I have necked oysters from Whitstable, Kent to Bourbon St, New Orleans, and shucked them everywhere from Chesapeake Bay to Hiroshima and from Bateman's Bay, New South Wales to Galway on the Atlantic coast of Ireland.

But the indisputable home of oyster one-upmanship is Brittany. The locals are fiercely partisan about their favourite sons and daughters. Cancale shall never concede defeat.

Just like they are in Southland, oysters are a mania on the Emerald coast of north Brittany and Cancale is the main stronghold for oyster maniacs.

"Non," the man on the seashore said. "Not New Zealand. Breton. Ici!" He stabbed a finger down at the pebbly beach by his galoshes. "Here is the home of the oyster.

The capital!"

His dogma came with a strong whiff of low tide and a Franglais soupcon of Hercule Poirot.

Cancale is certainly the place to go for anyone who likes to boast about bivalves and indulge in their obsession with motionless molluscs, and display an uncontrollable urge to spend as much time as possible in the company of an animal with a much better sex life.

The harbour town in the Bay of Mont St Michel, 10km east of St Malo, has 7km of oysterbeds, an oyster co-op which exports to more than 50 countries and a "Musee de l'huitre". Here, for €7 ($11), you can learn all about oysters and their hectic transsexual lifestyles.

The professional oyster farmer who showed me around the museum, having stressed the importance of a highly sanitary and very clean bottom (sea bottom, that is), ended the tour past innumerable glass cases with the punchline: "No wonder oysters don't move much and spend all day in bed. They have no energy left."

You can't move in Cancale for oysters or oyster-philes. Every shop along the front sells them in all different shapes and sizes. Oysters are omnipresent.

From the flat plate de Cancale to the deep Greuse and the sweet Fine de Claire, ladies in Wellington boots cut them open for degustations down by the lighthouse.

All the restaurants (apart from the creperies) stock the soft-bodied delicacies. Huge piles of discarded oyster shells are even used as seabreaks and seawall reinforcements. On Brittany's Emerald Coast you can't avoid getting into arguments of the "My saliva glands are more practised and my palate is better educated than yours" kind.

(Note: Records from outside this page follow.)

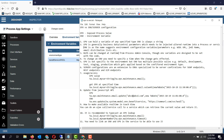Some examples of ENV variables are: URLs, service endpoints, JNDI names, email distribution lists, etc.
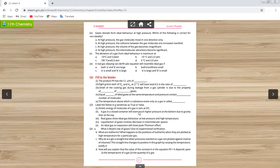Next, question number three — true and false. Statement one: kinetic energy of gas molecules is zero at zero centigrade. This is false — it is not necessary that all gas molecules have zero energy at 0°C; only at absolute zero (−273°C) is the kinetic energy zero.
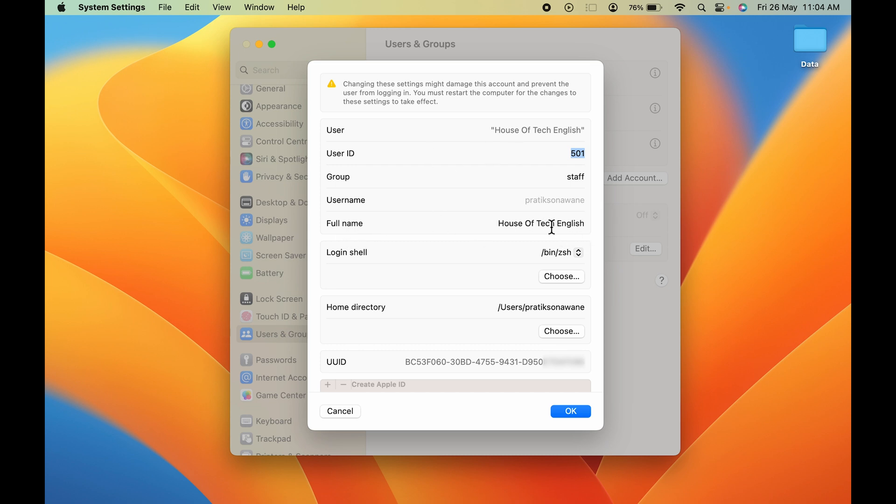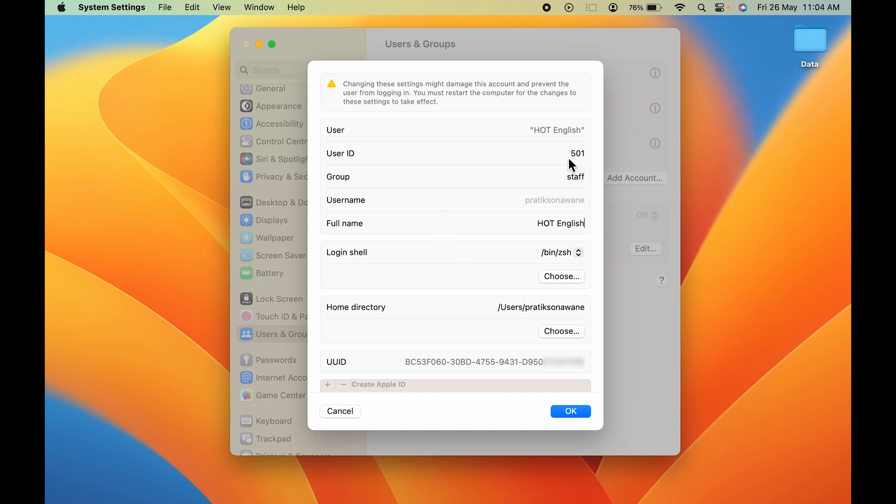In front of Full Name, you can check out what the Mac name is. You can double-click on it, press delete, and name it whatever you want. In my case, I'm going to change it to Hot English.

The man on the seashore watched me as I tipped the oyster into my mouth, letting its retractable foot, colourless blood and delicious three-chambered heart slide down my throat.

I tried not to be too nationalistic about it. Cancale produces thousands upon thousands of tonnes of oysters every year.

He waited for my verdict as I drank another from the sea. "Bon!" I said tactfully. He frowned. "Tres bon," I said. He asked me if they were better than Kiwi oysters. He put me in a tight and awkward ostreicultural spot.

One hand wiped my mouth while the other imitated a wavy, choppy sea. "Peut-etre!" It was pure "Bluff". He slapped me heartily on the back. And then, resuming his Gallic seaside stance, pointed again down at the beach. "C'est le site tres remarquable du gout! Un site extraordinaire!"

I simulated the sea again and thought of Dansfield Park - and we agreed to differ. Although we quickly agreed there is more to Brittany than oysters, as there is more to New Zealand than its oysters.